Rewinding back to my earlier blog post, I decided to put Modern for a week’s rest to prepare for the GP. I haven’t touch Standard since WMCQ 1 in June so I was feeling rather rusty. I’ve been jamming so much Modern and consuming so much Modern content that playing a regular game of Standard felt so underwhelming. Still, I felt I needed to put in the time and effort into this Grand Prix similar to any others that I would have needed to spend money and travel for. So the process began Saturday morning watching how the Pro Tour unfolded. I did look through the Starcity results as well and studied all the matches that came on camera, went through all the deck techs. Sunday came and I watched all of that too. On Monday, I had arrange my car for its regular routine checkup so I could have the couple of hours in the morning to watch the top 8.

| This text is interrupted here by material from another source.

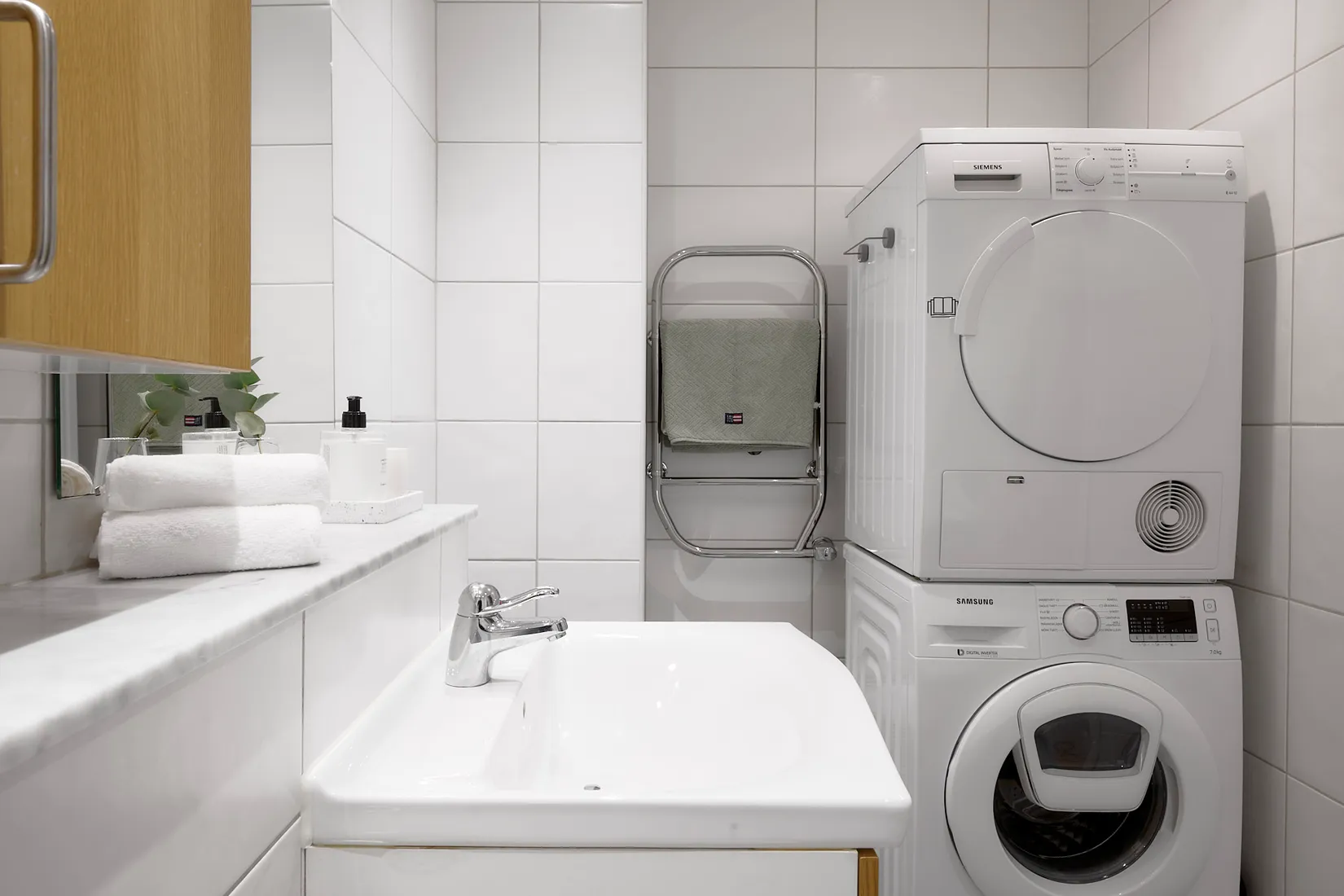 Bostadsrätt, Vestagatan 11, Nya Gårda, Göteborg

My conclusions about the Pro Tour:

- The games and matches were entertaining
- Shota Yasooka is still my favorite Japanese player ever since Tsuyoshi Fujita retired (Yuuya Watanabe coming in a close second)
- Control wasn’t dead
- Aetherworks Marvel or the “Marvelous” deck felt overrated
- What I noticed (and most pros admitted later on in their tournament reports) was everyone was trying to outsmart each other in their deck selection and many fell flat on their faces
- With exception of Shota’s insane Grixis Control list, other top performing decks were all well-rounded decks, evident by how UW Flash performed in the PT.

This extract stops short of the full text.